82 Other environmental controls: The register is required, by paragraphs 13 and 14 of Schedule 4, to include information in cases of situations where a site may be formally identified as contaminated land but is dealt with under other environmental controls, instead of under Part IIA (see section 78YB(1) and (3), 78YB(2B) and 78YB(2C)). These other powers are section 27 in Part I of the Environmental Protection Act 1990 (Integrated Pollution Control), regulation 21 of the Pollution Prevention and Control (Scotland) Regulations 2000 (Pollution Prevention and Control) and section 59 in Part II of the 1990 Act (waste management licensing). In these cases, the register is required to include, in addition to the site information described in paragraphs 76(a) to (d) above, particulars of any steps about which the enforcing authority knows that have been taken under those other powers.

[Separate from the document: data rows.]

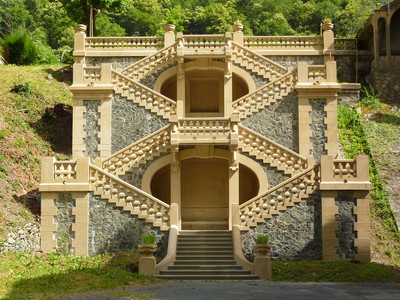 Usine des Vernes : escalier entre la cour et le jardin Usine des Vernes : escalier entre la cour et le jardin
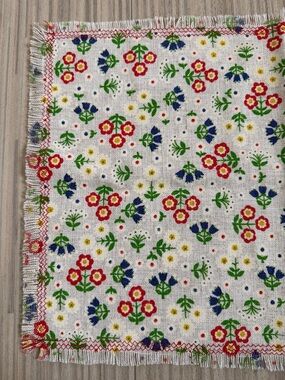 4 Vintage Scandinavian Style Placemats Like New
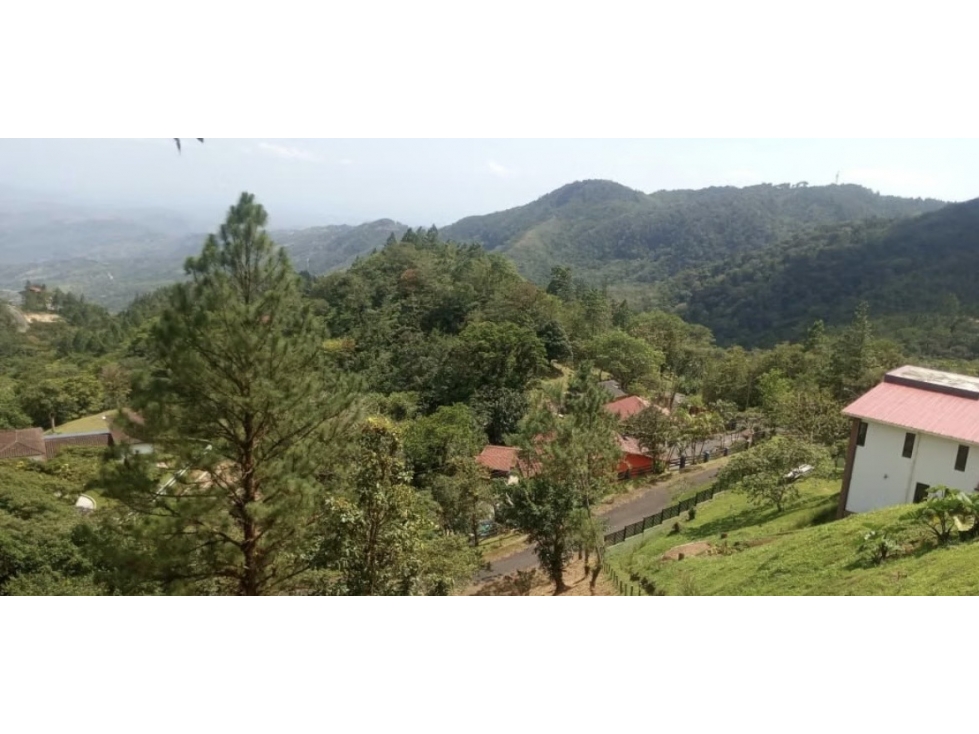 TERRENO / ALTOS DEL MARIA / SANTIAGO APOSTOL / 2621 M2 / AMPLIO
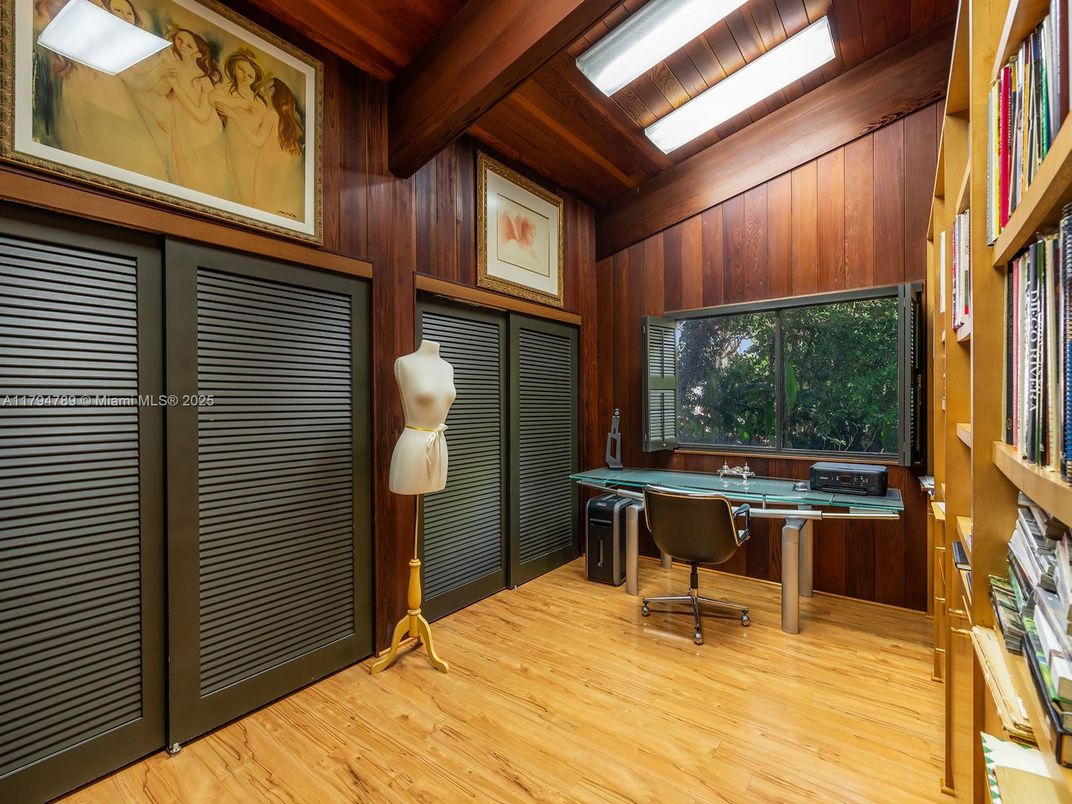 Home Office, Interior, Wooden Beams, Wooden Ceilings, Wood Texture Flooring, Wooden Walls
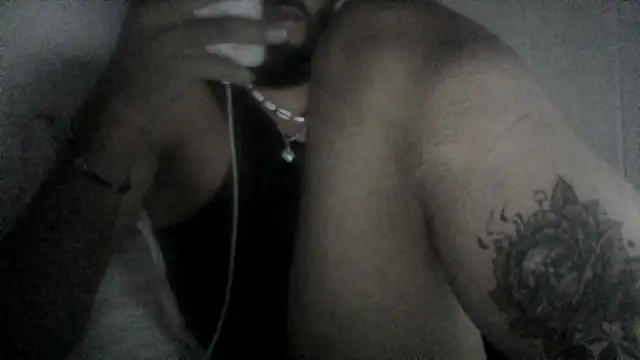 Snapshot of Alessandro__Rossi chatting on March 6, 10:01 am Alessandro Rossi online show from March 6, 10:01 am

83 The register is also required, by paragraph 15 of Schedule 4, to include information about any cases where particular remediation actions cannot be specified in a remediation notice because they would have the effect of interfering with a controlled activity in relation to the water environment for which consent has been given under the Water Environment (Controlled Activities) (Scotland) Regulations 2005 (see section 78YB(4)). In addition to the site information described in paragraphs 77(a) to (d) above, the register is required to give particulars of such a consent.


Special Sites

84 Where the land is a special site, the register should include the information required in respect of any other site. In addition, under paragraph 9 of Schedule 4, the register is required to include:

(a) the notice designating it as such (given by a local authority under section 78C(1)(b) or 78C(5)(a), or by the Scottish Ministers under section 78D(4)(b));

(b) an identification of the description of land under which it is a special site (see regulations 2 or 3 and Schedule 1);

(c) any notice given by SEPA of its decision to adopt a remediation notice;

(d) any notice given by or to the enforcing authority under section 78Q(4) terminating the designation.

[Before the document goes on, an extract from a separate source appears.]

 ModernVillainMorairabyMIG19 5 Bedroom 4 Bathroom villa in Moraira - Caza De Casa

Agency Site-specific Guidance

85 Under paragraph 12 of Schedule 4, the register is required to include the date of any site-specific guidance issued by SEPA under section 78V(1). Where such site-specific guidance exists, information in it may be required to be available to the public under the Environmental Information Regulations. Where this is likely, it would be good practice to include a reference to where it is available to be inspected or copied.

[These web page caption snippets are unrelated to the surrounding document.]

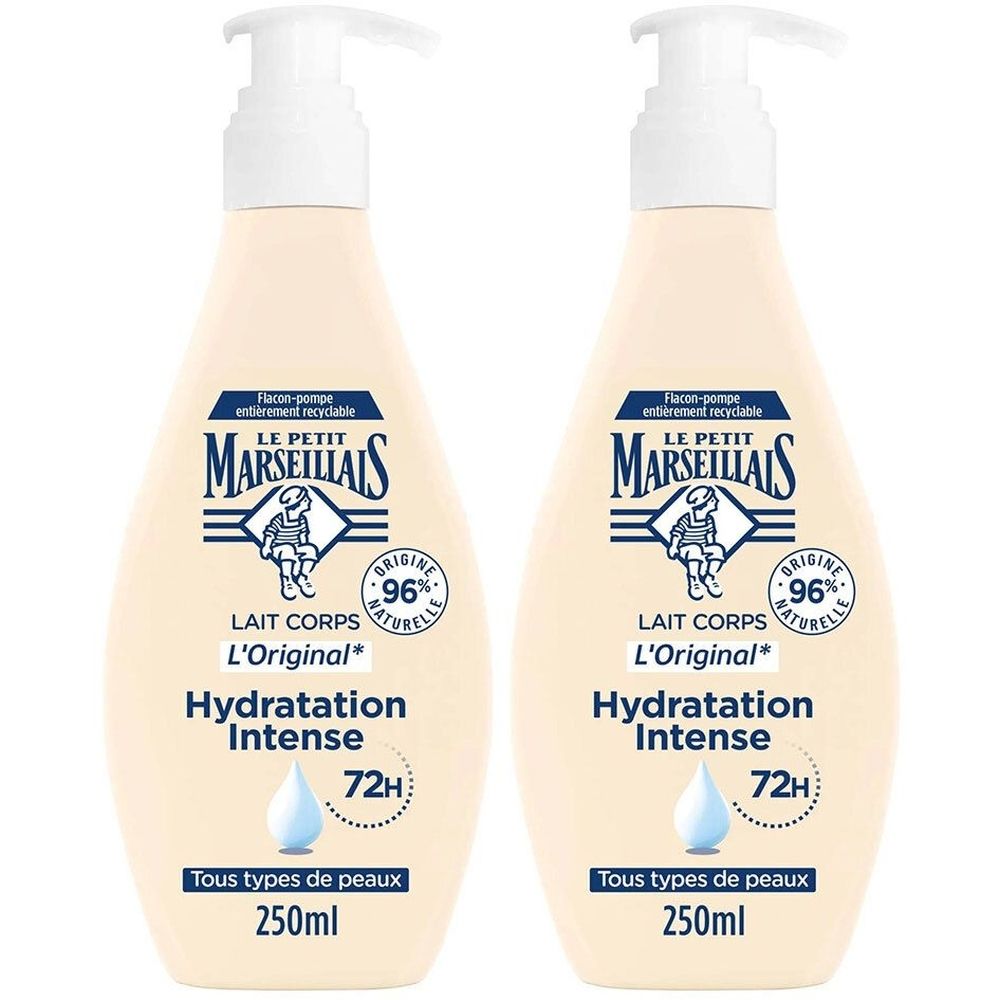 Deux flacons de lait corporel avec pompe. Inscription: LE PETIT MARSEILLAIS, Lait Corps L'Original, Hydratation Intense.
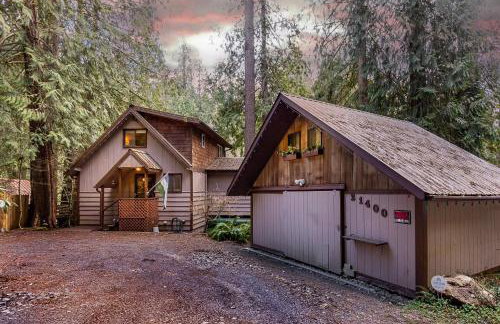 Chase's River Cabin - Hot-tub Firepit & Fireplace - Foto 23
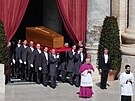 Rakev s pape�em Franti�kem na Svatopetrském nám�stí na jeho poh�bu ve Vatikánu....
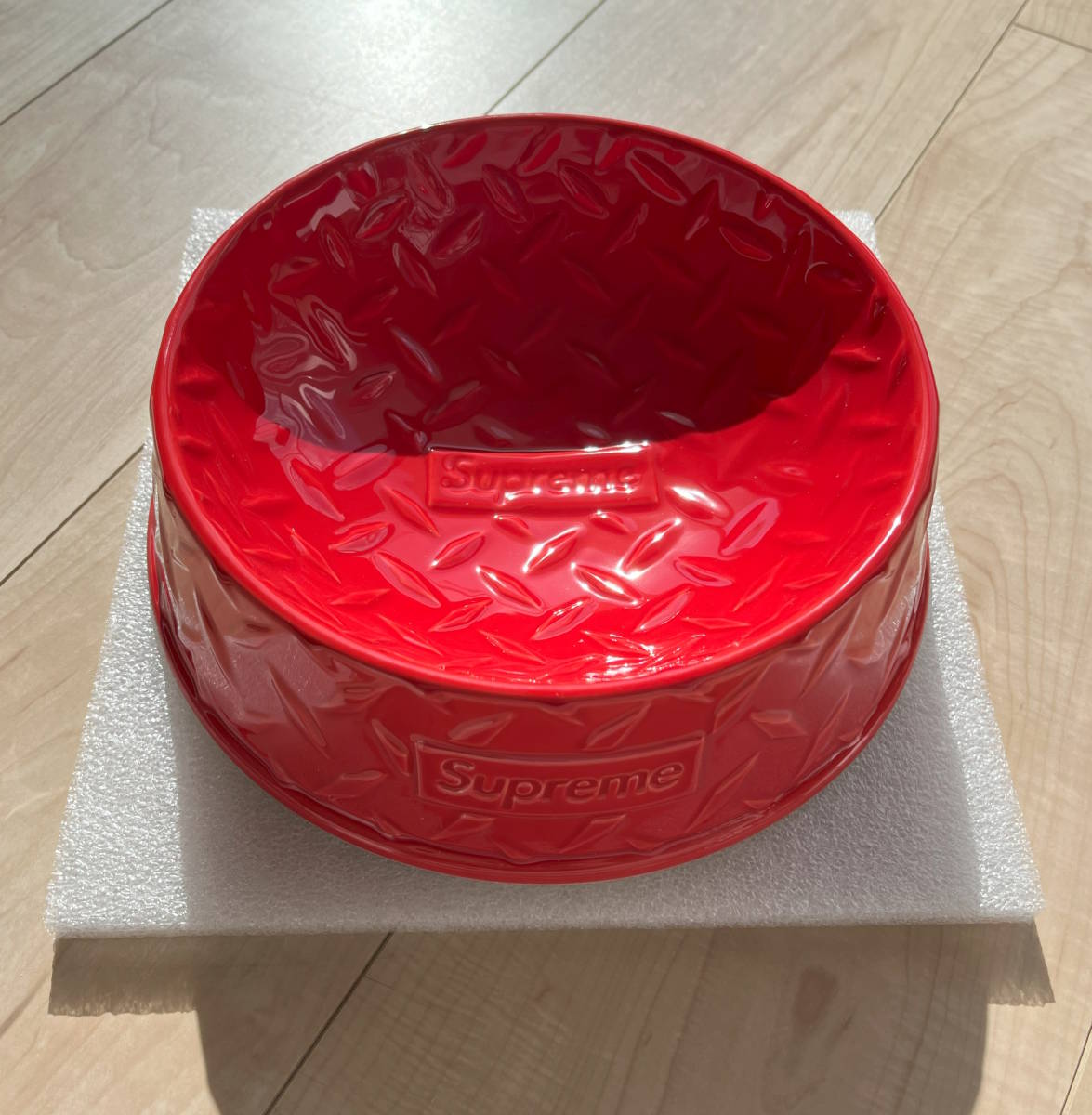 ☆未使用品☆23ss Supreme Diamond Plate Dog Bowl Red☆シュプリーム ダイヤモンド プレイト ドック ボウル レッド☆_画像1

Appeals against a Remediation Notice

86 Where a person on whom a remediation notice has been served appeals against that notice, the register is required, under paragraphs 3 and 4 of Schedule 4, to include full particulars of:

(a) any appeal against a remediation notice, including the date and the name and address of the appellant; and

(b) the decision on such an appeal.


87 Under paragraph 11 of Schedule 4, the register is required to include full particulars of any conviction of a person for any offence under section 78M (failure to comply with a remediation notice), including the name of the offender, the date of conviction, the penalty imposed, and the name of the Court.

88 Authorities should have regard to the provisions of the Rehabilitation of Offenders Act 1974, under which convictions of individuals can become spent. The Executive understands that it would not be unlawful under that Act to retain details of a spent conviction on the register, but nonetheless retention would seem contrary to its spirit. The Executive recommends therefore that authorities should regularly review their registers with the aim of identifying and removing spent convictions, although it may be desirable to continue to record that an offence has taken place. In the case of convictions of a body corporate, the 1974 Act does not apply, but it would seem equitable for the same approach to be applied as for the spent convictions of individuals.


89 Sections 78S and 78T set out restrictions on information to be placed on the register because of considerations of national security or commercial confidentiality. The effect of these provisions is explained in Annex 2, paragraphs 17.8 to 17.19.